DRM-protected streaming

The sample uses a custom OculusMediaCodecVideoRenderer to enable Widevine DRM playback. When a DRM license URL is provided, or when using non-rectilinear video shapes like 180° equirect, the sample forces direct-to-surface rendering:
val panelRenderingStyle =
    if (drmEnabled || mediaSource.videoShape != MediaSource.VideoShape.Rectilinear)
        PanelRenderingStyle.DIRECT_TO_SURFACE
    else PanelRenderingStyle.READABLE
See ExoPlayerExt.kt for the complete DRM session manager configuration. For API reference, see DRM content.

Hero lighting shaders

The hero lighting system samples the video panel texture and projects it onto surrounding room surfaces as ambient lighting. The sample distributes screen data through shader uniforms rather than direct texture binding:
val emissiveFactor = Vector4(screenPos.x, screenPos.y, screenPos.z, width)
val albedoFactor = Vector4(rotEuler.x, rotEuler.y, rotEuler.z, height)
The fragment shader transforms world-space positions into “rect space” relative to the panel, samples the texture at high mip levels for soft blurring, and applies distance-based falloff. See HeroLightingSystem.kt and heroLighting.glsl for implementation details. For custom shader documentation, see Custom shaders.

MRUK wall snapping

The sample implements two snapping modes: initial placement via gaze ray-casting and runtime repositioning during grab. The initial snap uses a custom ray-plane intersection utility:
val headToAnchorableDirection = (anchorablePose.t - headPose.t).normalize()
val hitInfo = doesRayIntersectPlane(headPose.t, headToAnchorableDirection, plane)
During grab, the system continuously updates rotation to face outward from the wall using slerp for smooth animation. See AnchorSnappingSystem.kt for the complete snapping logic. For MRUK API reference, see MRUK.
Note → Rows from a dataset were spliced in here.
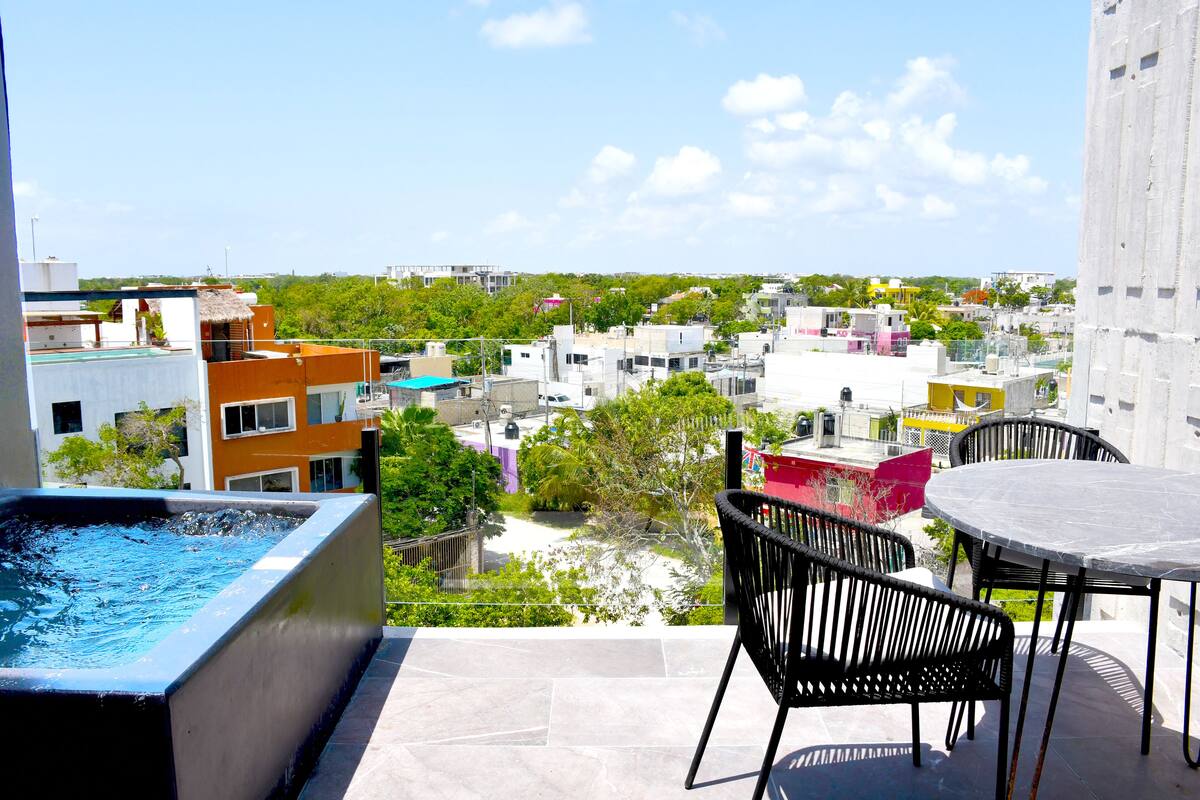 A rooftop terrace with a swimming pool, outdoor seating, and a view of a cityscape.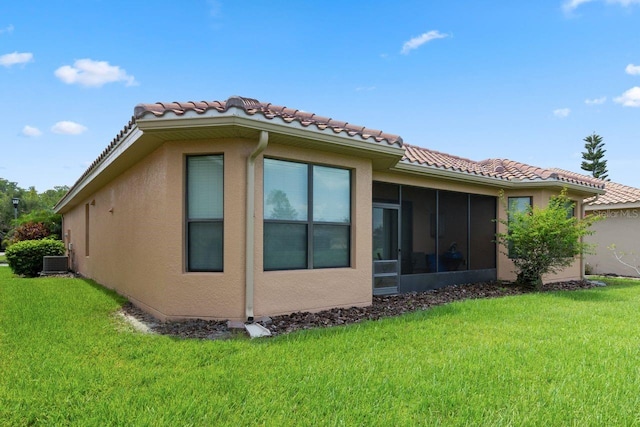 back of property with a yard, a sunroom, and stucco siding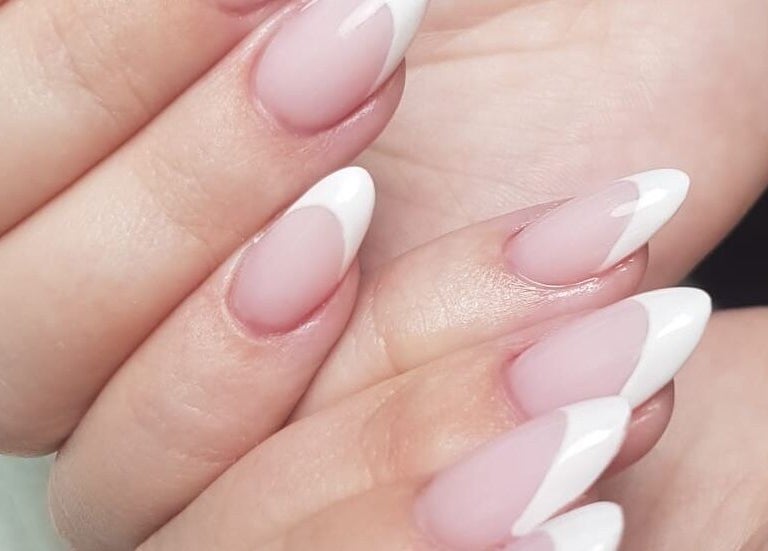 Classic French manicure at Harmony Nail Studio in Freeport, Freeport, BS, showcasing elegant nail artistry.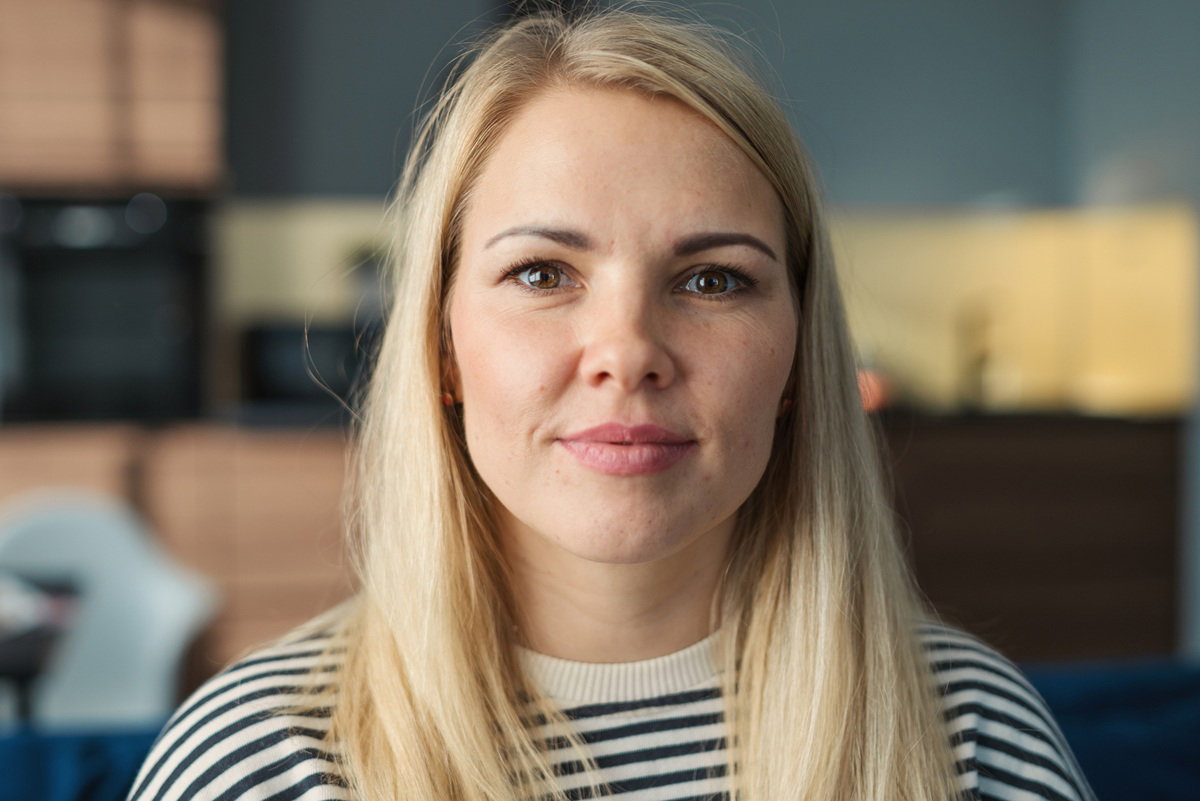 kobieta w wieku 35 plus blondynka stoi w kuchni z zawadiacką miną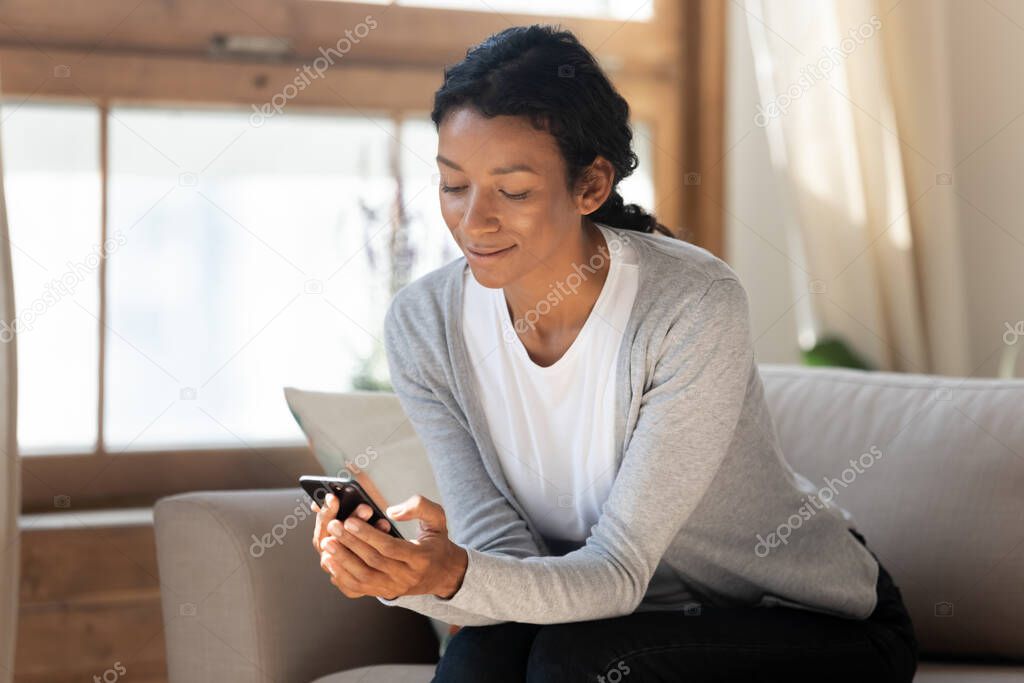 Smiling beautiful african american woman using smartphone.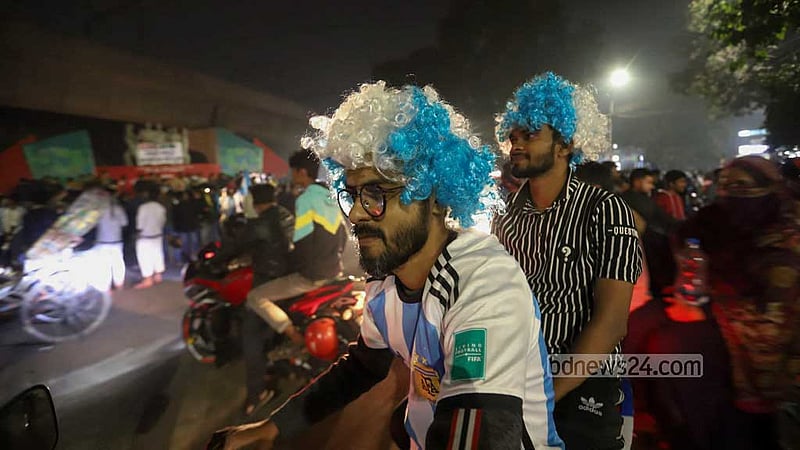 Fans leave Haji Muhammad Mohsin Hall ground at Dhaka University as the authorities stop exhibiting Qatar World Cup matches on the big screen.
Multi-process Compose panels

The sample runs each Compose panel activity in a separate Android process for better performance:
<activity android:name=".panels.homePanel.HomePanelActivity"
    android:process=":home_panel" />
The panels communicate with the immersive activity through a bound IPC service using the Android Messenger pattern. This approach reduces UI thread contention but adds IPC overhead. See IPCService.kt for the message routing implementation. For panel documentation, see Direct-to-surface rendering.

Extend the sample

  • Replace media catalog: The media catalog in HomePanelViewModel.kt defines the DASH URLs — replace these with your own streaming sources or add new entries with different stereo modes.
  • Adjust lighting: The hero lighting shader in heroLighting.glsl exposes parameters for light falloff distance and floor reflection intensity — adjust these to match different room sizes and content types.
  • Add cinema states: The CinemaStateHandler.kt state machine supports adding new cinema states for different viewing modes, such as floor seating or dome projection.